▶ **The data**
▬▬▬

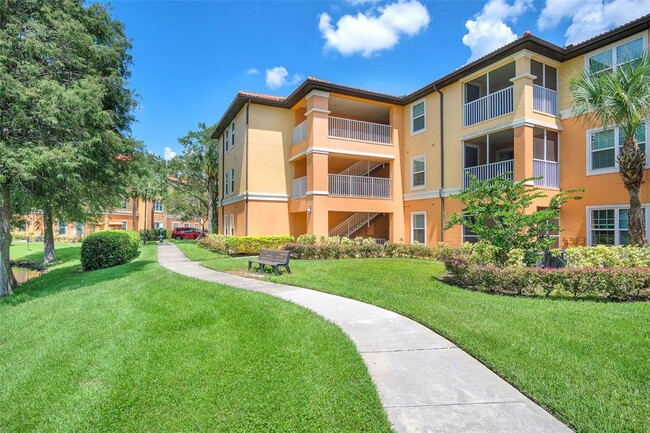 Photo - 5467 Vineland Rd Condo Unit 6313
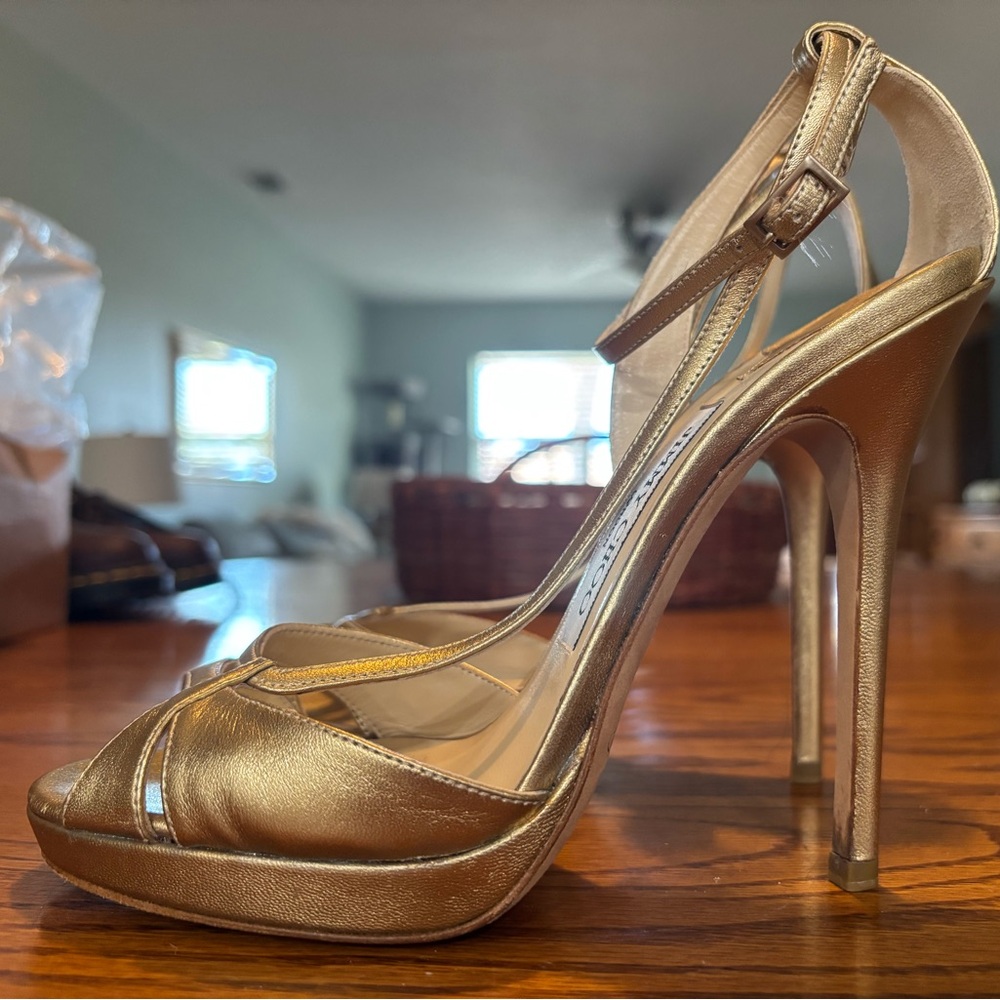 😍PRICE DROP!Jimmy Choo Gold Strappy Peep-Toe Platform heels Euro 37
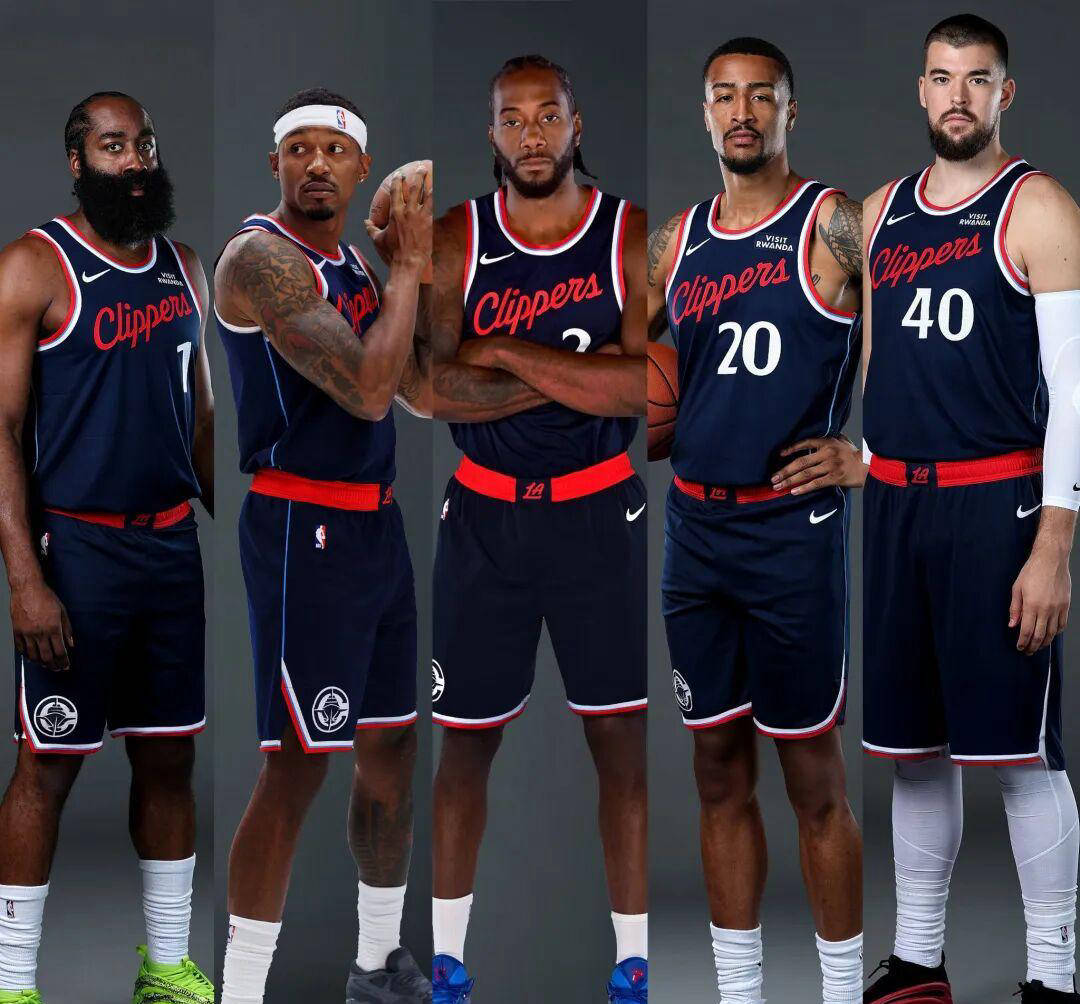 马刺横扫辽宁队，哈登带队取胜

▬▬▬

▶ **Task item**
No pictures belong in the copy. Repeat the listing above exactly.

▶ **Answer space**
 Photo - 5467 Vineland Rd Condo Unit 6313
 😍PRICE DROP!Jimmy Choo Gold Strappy Peep-Toe Platform heels Euro 37
 马刺横扫辽宁队，哈登带队取胜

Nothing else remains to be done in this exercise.